*Data for this task*:
╔══
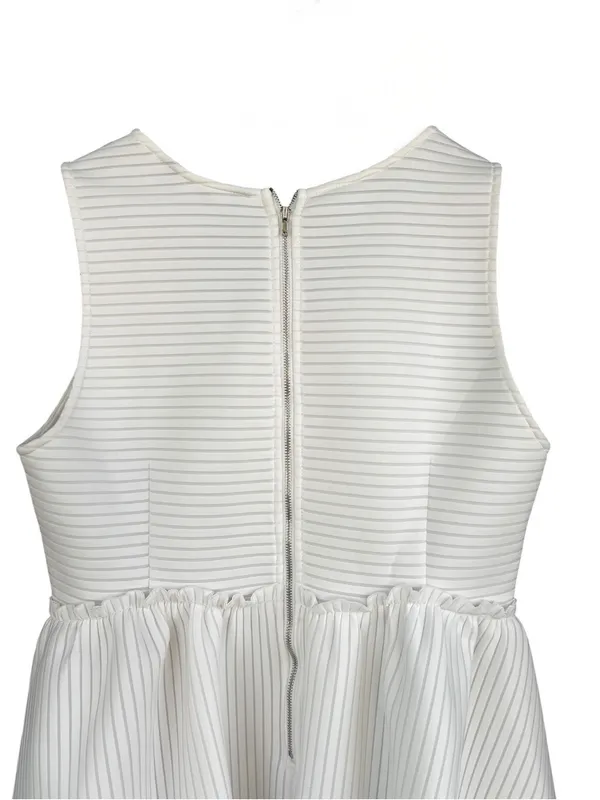 ELLIATT ivory white Sunset Ponte Fit & Flare Mini Dress L - Image 6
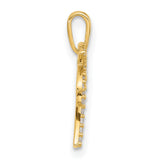 14k Yellow Gold Palm Tree Pendant with Cubic Zirconia, Tropical Island Motif Summer Jewelry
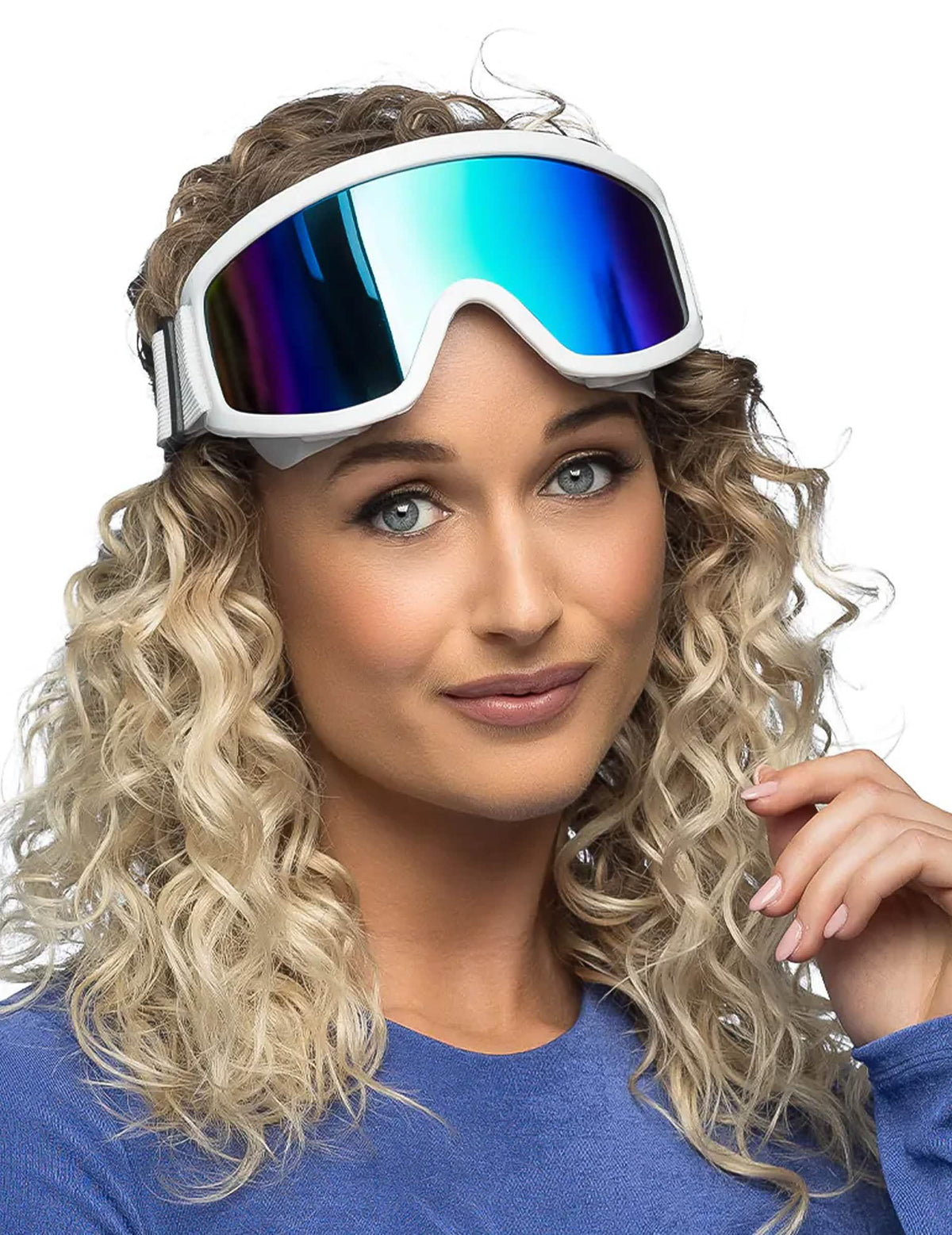 Lunettes de ski pour adulte blanches avec verres miroir irisés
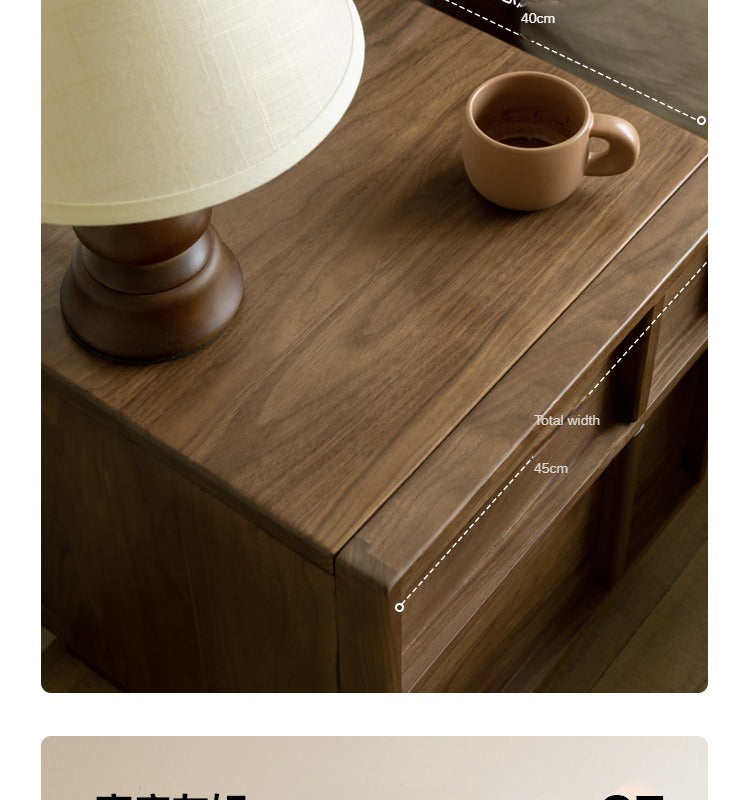 Black Walnut Solid Wood Storage Bedside Nightstand ,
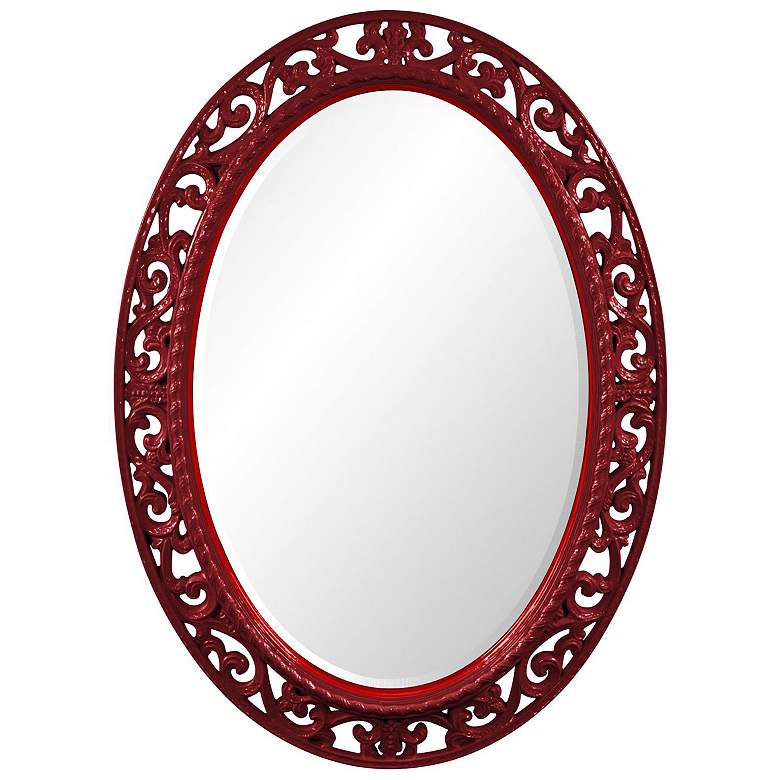 Image 1 Howard Elliott Ornate Oval 27"x37" Glossy Burgundy Beveled Suzann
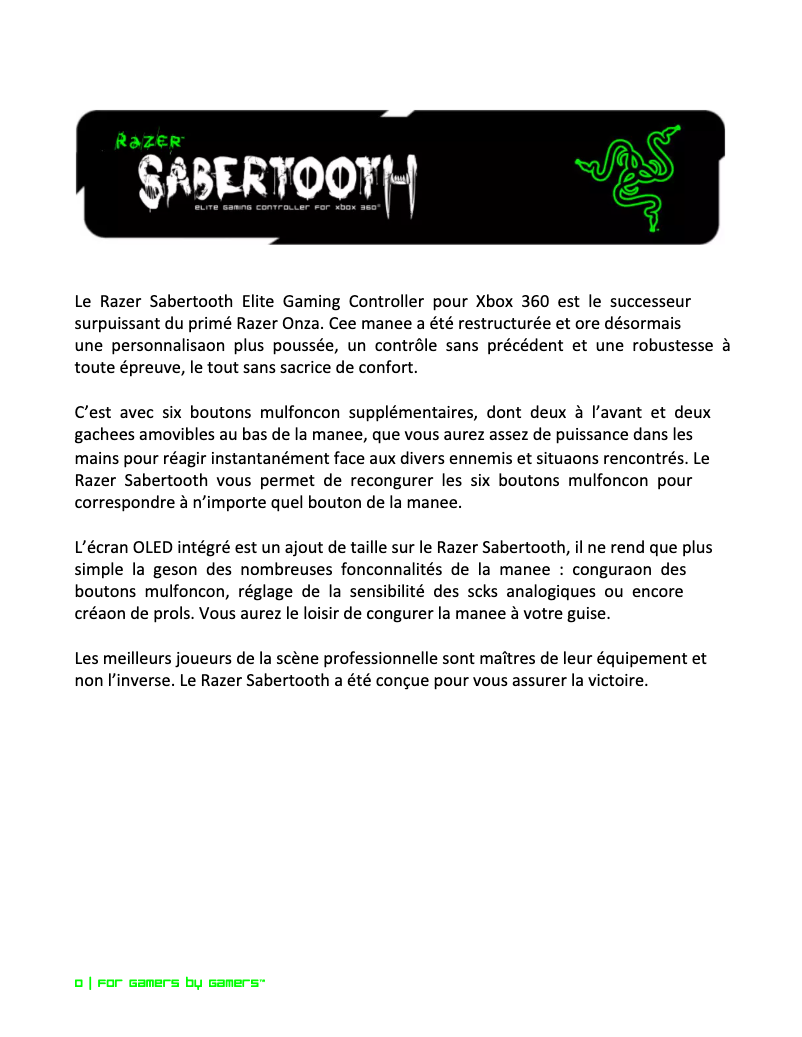 Page 1 de la notice Manuel utilisateur Razer Sabertooth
╚══
*Your instructions*:
Starting at the line that contains "Lunettes de ski", please write out every line to the end of the entries, inclusive, copied exactly and with pictures omitted.

*Result*:
 Lunettes de ski pour adulte blanches avec verres miroir irisés
 Black Walnut Solid Wood Storage Bedside Nightstand ,
 Image 1 Howard Elliott Ornate Oval 27"x37" Glossy Burgundy Beveled Suzann
 Page 1 de la notice Manuel utilisateur Razer Sabertooth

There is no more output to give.